__RECORDED INFORMATION__:
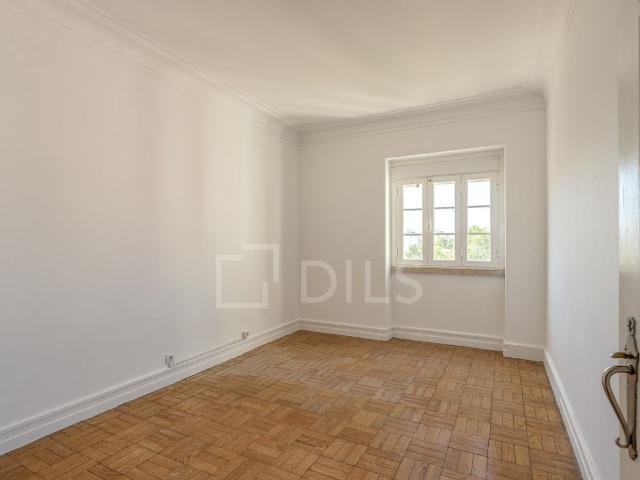 Apartamento T2+1 para arrendamento na Av. Madrid, Lisboa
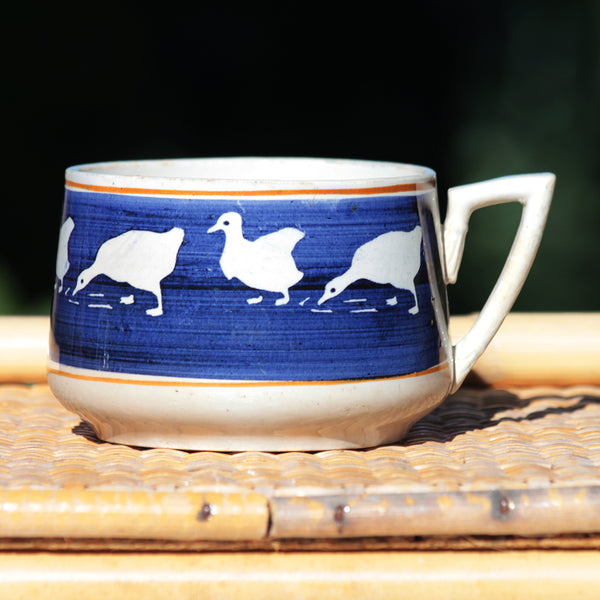 Grande tasse à chocolat ancienne en faïence de Creil et Montereau modèle canards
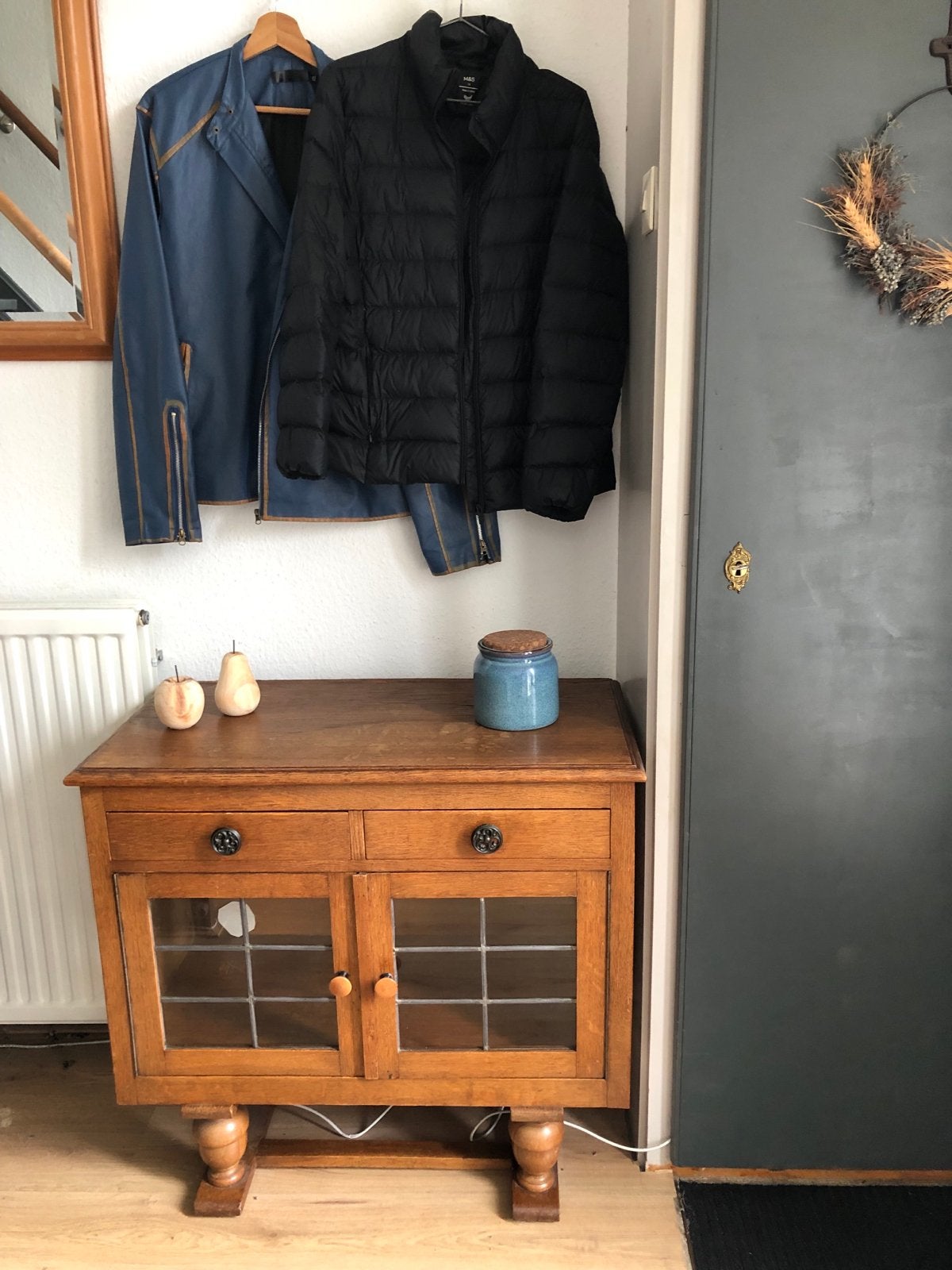 Antiek eikenhouten theekastje met glas-in-lood deurtjes, Ophalen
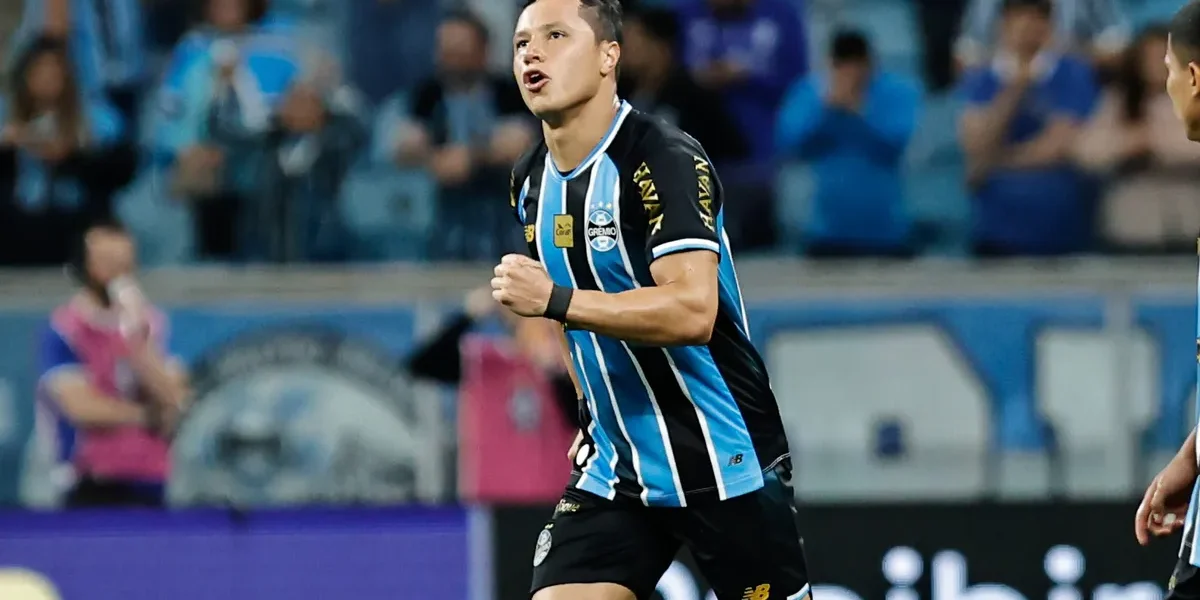 Grêmio vence Athletico-PR com gol de Marlon e respira fora do Z-4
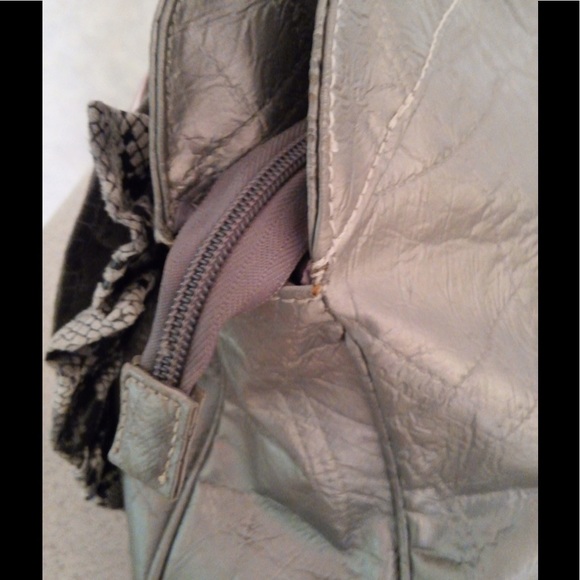 Chateau Gray Metallic Flower Handbag - Picture 7 of 8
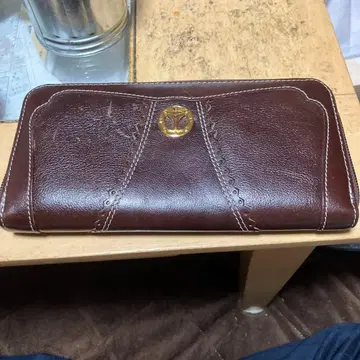 브라운 가죽 장지갑 약간의 흠집 있습니다.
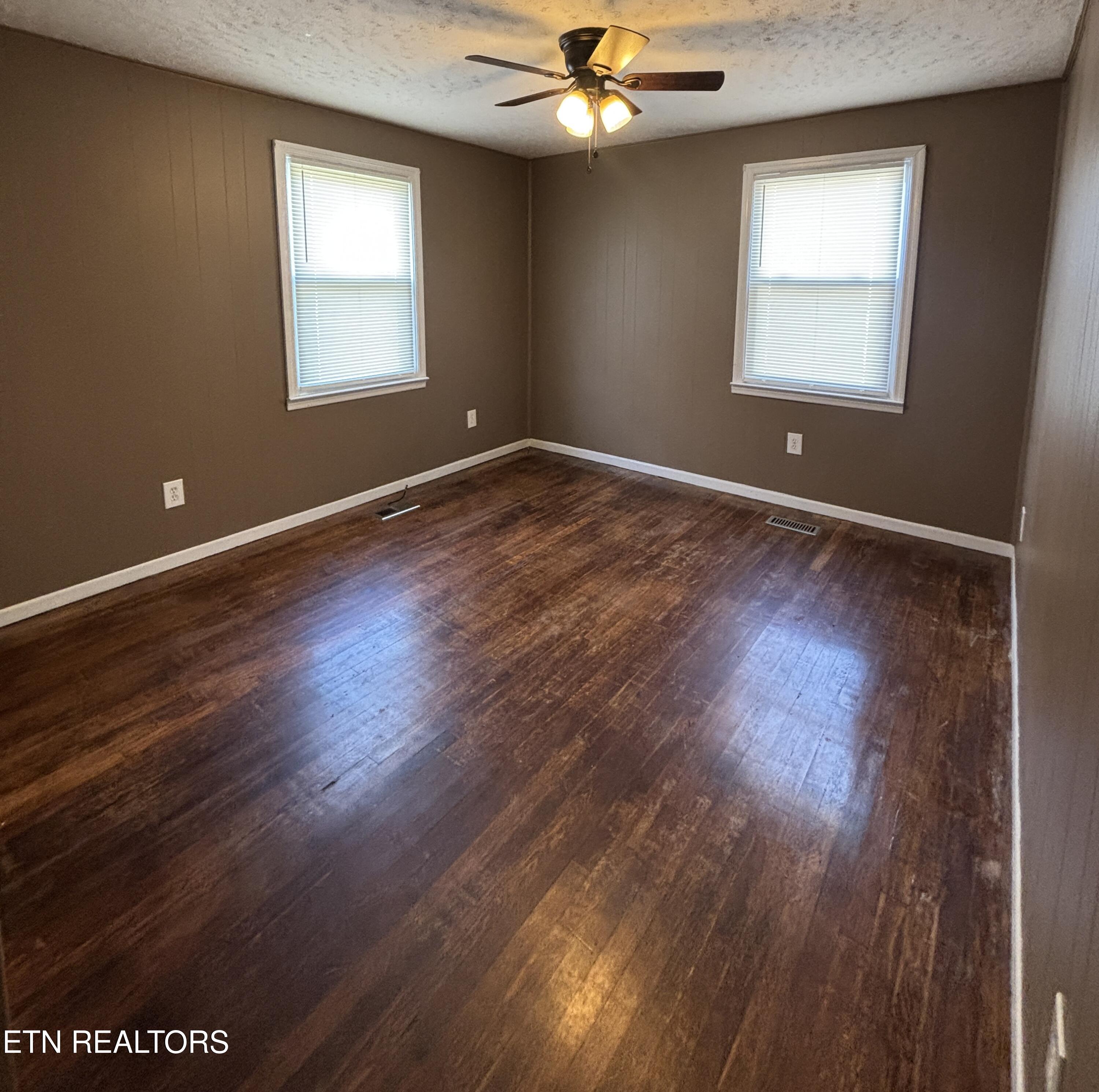 3410 Feathers Street Knoxville TN 37920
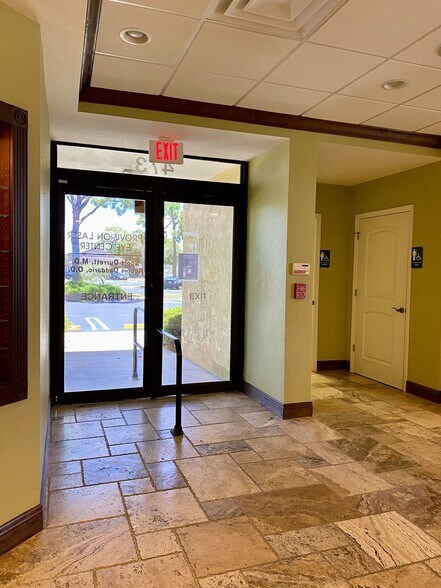 More Photos Of 473 S Indiana Ave, Englewood Coworking Space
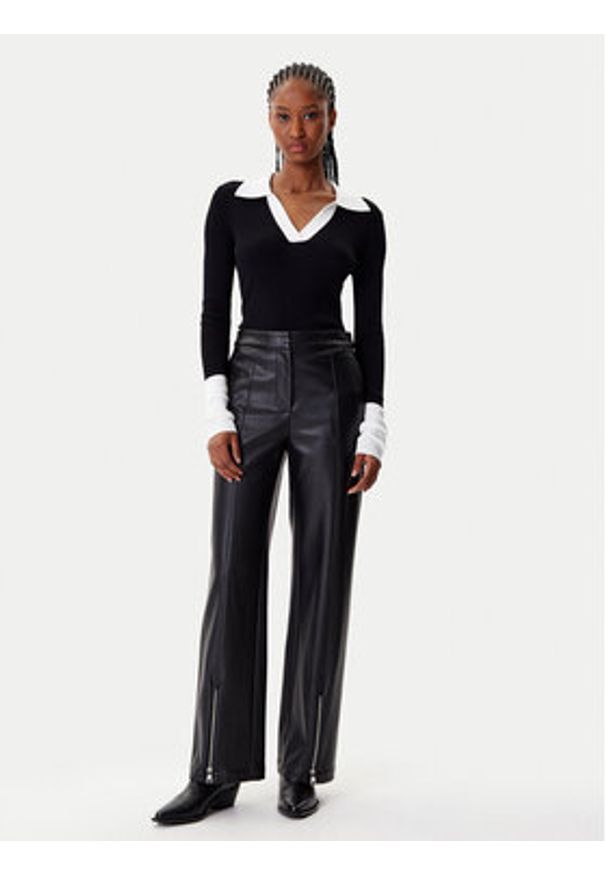 Karl Lagerfeld - KARL LAGERFELD Sweter A4W18043 Czarny Slim Fit. Typ kołnierza: dekolt w karo. Kolor: czarny. Materiał: syntetyk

__WORK TO BE COMPLETED__: Quote the entries in full. Any image among them is to be omitted from the copy.

__TASK RESPONSE__:
 Apartamento T2+1 para arrendamento na Av. Madrid, Lisboa
 Grande tasse à chocolat ancienne en faïence de Creil et Montereau modèle canards
 Antiek eikenhouten theekastje met glas-in-lood deurtjes, Ophalen
 Grêmio vence Athletico-PR com gol de Marlon e respira fora do Z-4
 Chateau Gray Metallic Flower Handbag - Picture 7 of 8
 브라운 가죽 장지갑 약간의 흠집 있습니다.
 3410 Feathers Street Knoxville TN 37920
 More Photos Of 473 S Indiana Ave, Englewood Coworking Space
 Karl Lagerfeld - KARL LAGERFELD Sweter A4W18043 Czarny Slim Fit. Typ kołnierza: dekolt w karo. Kolor: czarny. Materiał: syntetyk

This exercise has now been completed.